Competition is fierce, and firms are reluctant to reveal details of their business strategies. But there is general acceptance of some basic rules. According to Stephen Fielding, the business development manager at the City firm of Titmuss Sainer & Webb, the best source of new business is to be found in the existing client base. 'A satisfied client doesn't go elsewhere; he maintains a regular demand for your services; he asks you to do a wider range of work; and he is often the source of new business introductions,' Mr Fielding says.
The source of client satisfaction is quality of service, including a commitment to knowing and satisfying his or her requirements. The key, he says, is active consideration of how best your firm can match the client's needs.
Replenishing the client base is vital. 'Getting new clients requires a crystal-clear focus,' he says. This includes looking at areas of market growth and reasonable margins - there is no point in pursuing a market sector where the margins are wafer-thin. 'It would not be profitable for us to pursue minor crime, for instance,' Mr Fielding says. 'Our cost base in the City doesn't enable us to support small-scale work.'
Having a clear focus also means collecting data. 'You can't make judgements unless you have analysed the market, looked at trends and understood what makes the client buy legal services,' Mr Fielding says. This process requires patience, imagination and wide knowledge, not least of the economy. 'In a nutshell, we lawyers have to apply the same principles of sound business development as our clients in winning and retaining their custom.'
Patricia Lennon, the head of marketing at the regional and City practice Dibb Lupton Broomhead, believes that new business comes from a combination of planning and traditional ad hoc practice.

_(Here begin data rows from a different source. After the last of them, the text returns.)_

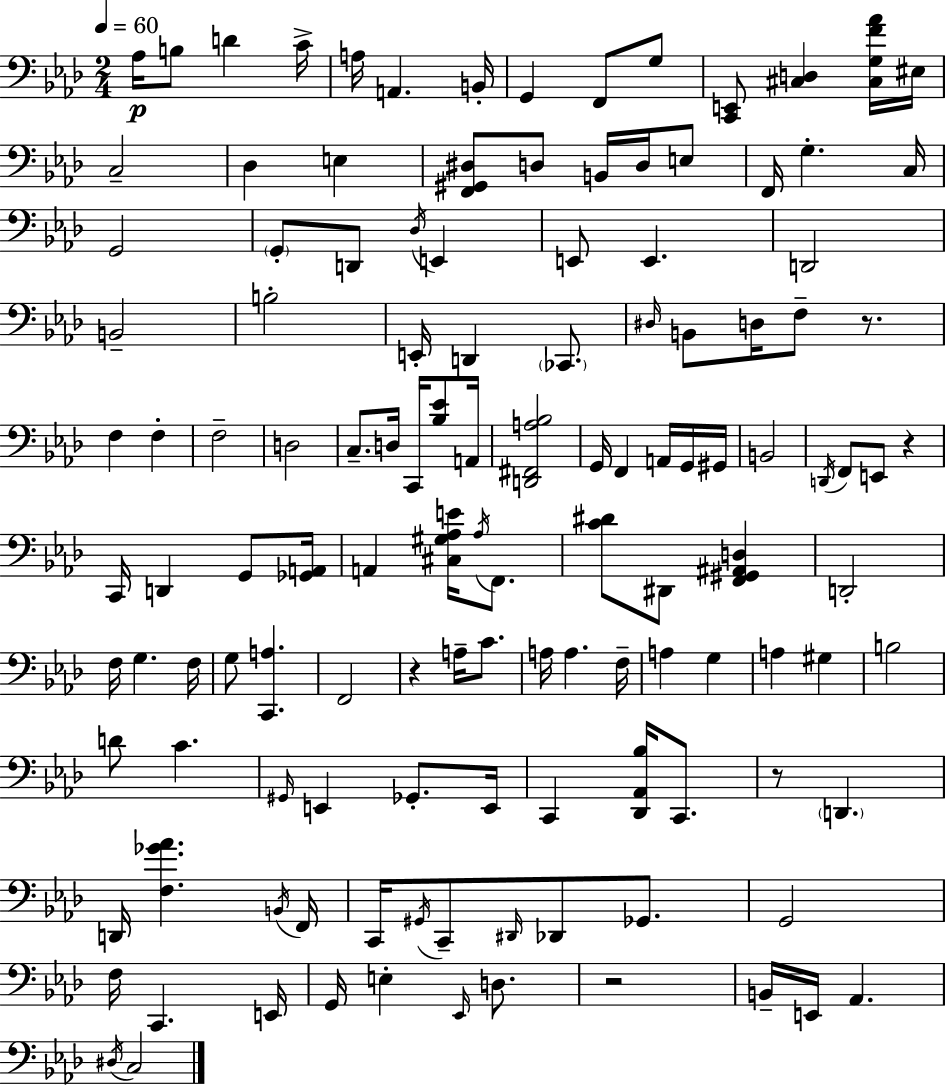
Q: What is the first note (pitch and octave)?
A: Ab3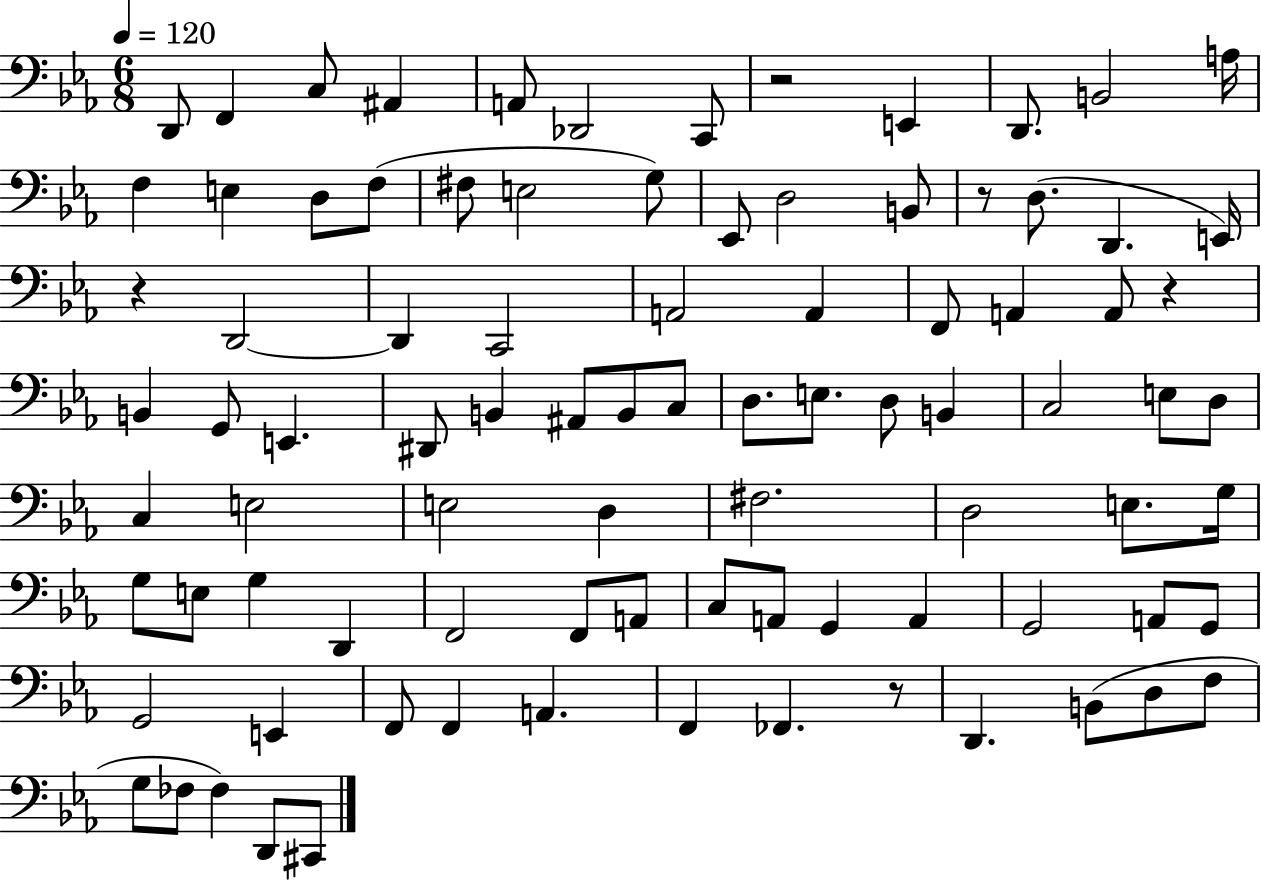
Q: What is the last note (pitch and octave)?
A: C#2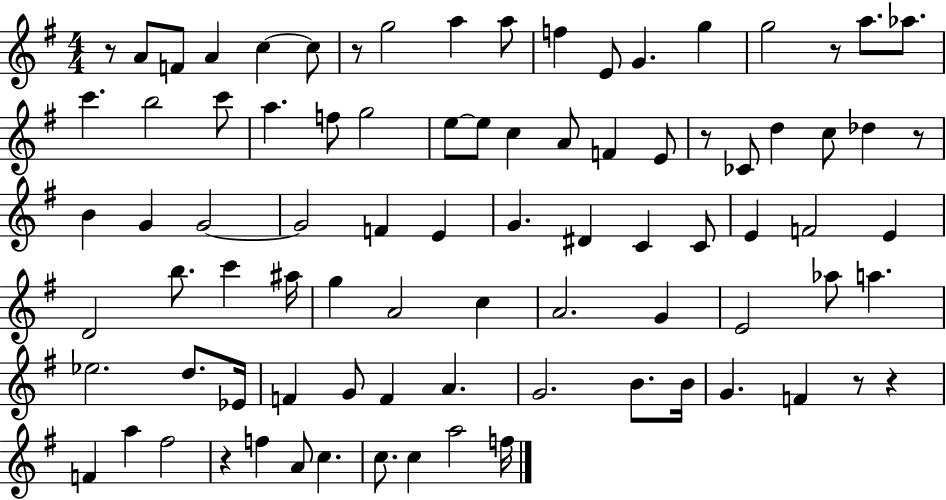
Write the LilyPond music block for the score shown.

{
  \clef treble
  \numericTimeSignature
  \time 4/4
  \key g \major
  \repeat volta 2 { r8 a'8 f'8 a'4 c''4~~ c''8 | r8 g''2 a''4 a''8 | f''4 e'8 g'4. g''4 | g''2 r8 a''8. aes''8. | \break c'''4. b''2 c'''8 | a''4. f''8 g''2 | e''8~~ e''8 c''4 a'8 f'4 e'8 | r8 ces'8 d''4 c''8 des''4 r8 | \break b'4 g'4 g'2~~ | g'2 f'4 e'4 | g'4. dis'4 c'4 c'8 | e'4 f'2 e'4 | \break d'2 b''8. c'''4 ais''16 | g''4 a'2 c''4 | a'2. g'4 | e'2 aes''8 a''4. | \break ees''2. d''8. ees'16 | f'4 g'8 f'4 a'4. | g'2. b'8. b'16 | g'4. f'4 r8 r4 | \break f'4 a''4 fis''2 | r4 f''4 a'8 c''4. | c''8. c''4 a''2 f''16 | } \bar "|."
}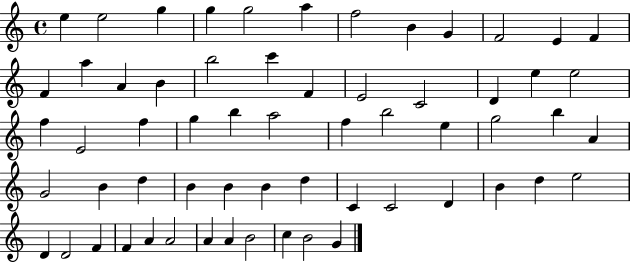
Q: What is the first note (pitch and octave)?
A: E5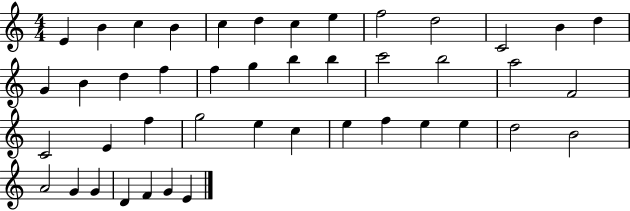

'Business opportunities occur when our partners are out talking to people. That's no more than you would expect,' she says. 'We also have a procedure, part of our business plan, for spotting new areas of development.'
She cites the example of public-sector work. 'We identified this as a new area for potential business. We did some basic market research, to discover for instance who the major players are, then developed a detailed programme for targeting specific areas.
'It is a problem that there is no immediacy between marketing activity and results. But we do keep a database to record initiatives, activities and outcome.'
If a firm is to be effective, it must look at potential new fields that fit in with its expertise, resources and position in the market. 'Going from a standing start would not work so well,' Ms Lennon says.
The approach of City-based Richards Butler, says its managing partner Ken Ollerton, has been 'disparate'. 'Now,' he says, 'we are trying to organise things in a more focused way.'
This includes the setting up of a practice development group. 'I am keen that we identify ourselves in business marketplaces and not simply ally ourselves to legal disciplines that we want to sell,' Mr Ollerton says.
'We have looked at ideas concerning potential practice development areas. There are 15 or 16, but it is not realistic to fund them all. We are identifying the two or three most likely to succeed and putting the majority of our resources behind them, while keeping the others ticking over.' What is most important, Mr Ollerton believes, is to identify what the client actually wants rather than impose the legal services that the lawyers think the client needs.
A department within the national practice Eversheds, has responsibility for identifying and bringing forward new opportunities, says its deputy chairman, Richard Collier.
'The first thing is to spot your potential client,' he says. 'This means reading widely in the industrial, business and financial press and taking note of companies or public bodies that might be seeking representation.'
The second step, he says, is identifying business through the firm's specialist departments, which have their own marketing and client identification teams.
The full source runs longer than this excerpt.